DeepAveragers: Offline Reinforcement Learning by Solving Derived Non-Parametric MDPs
Aayam Shrestha, Stefan Lee, Prasad Tadepalli, Alan Fern

TL;DR
This paper introduces DAC-MDP, a non-parametric approach to offline RL that leverages deep representations and costs to handle limited data, demonstrating scalability and effectiveness in complex environments.
Contribution
The paper presents DAC-MDP, a novel non-parametric model for offline RL that integrates deep representations and cost mechanisms to improve performance with limited data.
Findings
DAC-MDP can be applied on top of learned representations.

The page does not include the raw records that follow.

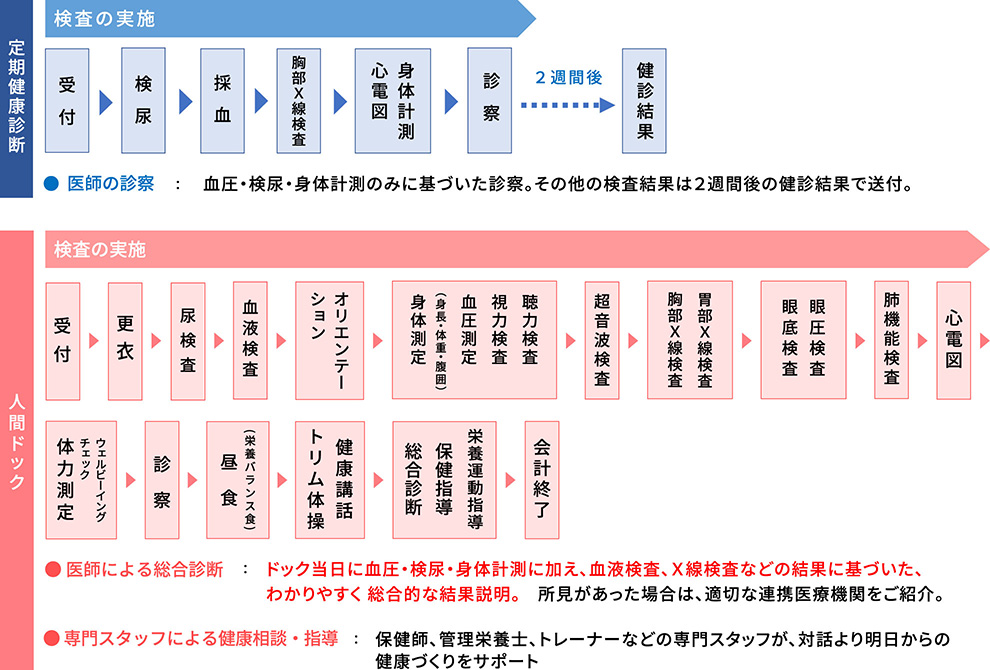 定期健康診断 人間ドックの流れ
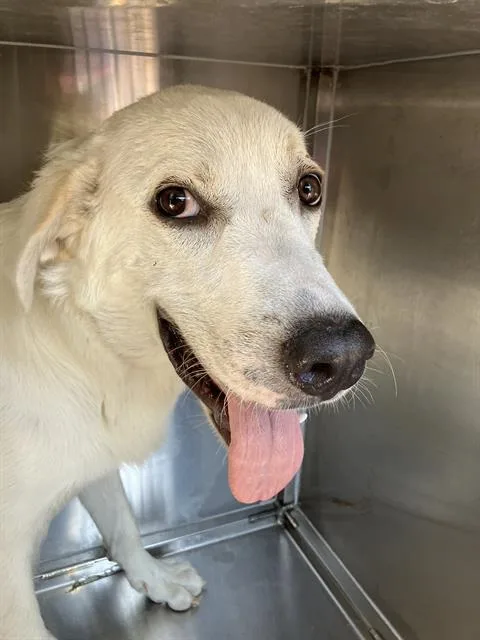 A young large-sized male Mixed Breed dog named Peter for adoption in Dallas, TX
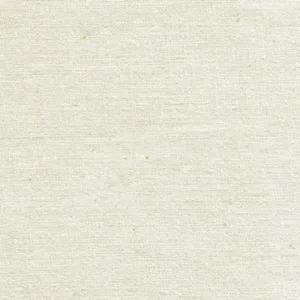 Peppered Cotton in Oyster by Pepper Cory for Studio E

The approach supports zero-shot environment and goal adjustments.
Empirical results show scalability to large, complex offline RL tasks.
Abstract
We study an approach to offline reinforcement learning (RL) based on optimally solving finitely-represented MDPs derived from a static dataset of experience. This approach can be applied on top of any learned representation and has the potential to easily support multiple solution objectives as well as zero-shot adjustment to changing environments and goals. Our main contribution is to introduce the Deep Averagers with Costs MDP (DAC-MDP) and to investigate its solutions for offline RL. DAC-MDPs are a non-parametric model that can leverage deep representations and account for limited data by introducing costs for exploiting under-represented parts of the model. In theory, we show conditions that allow for lower-bounding the performance of DAC-MDP solutions. We also investigate the empirical behavior in a number of environments, including those with image-based observations. Overall, the…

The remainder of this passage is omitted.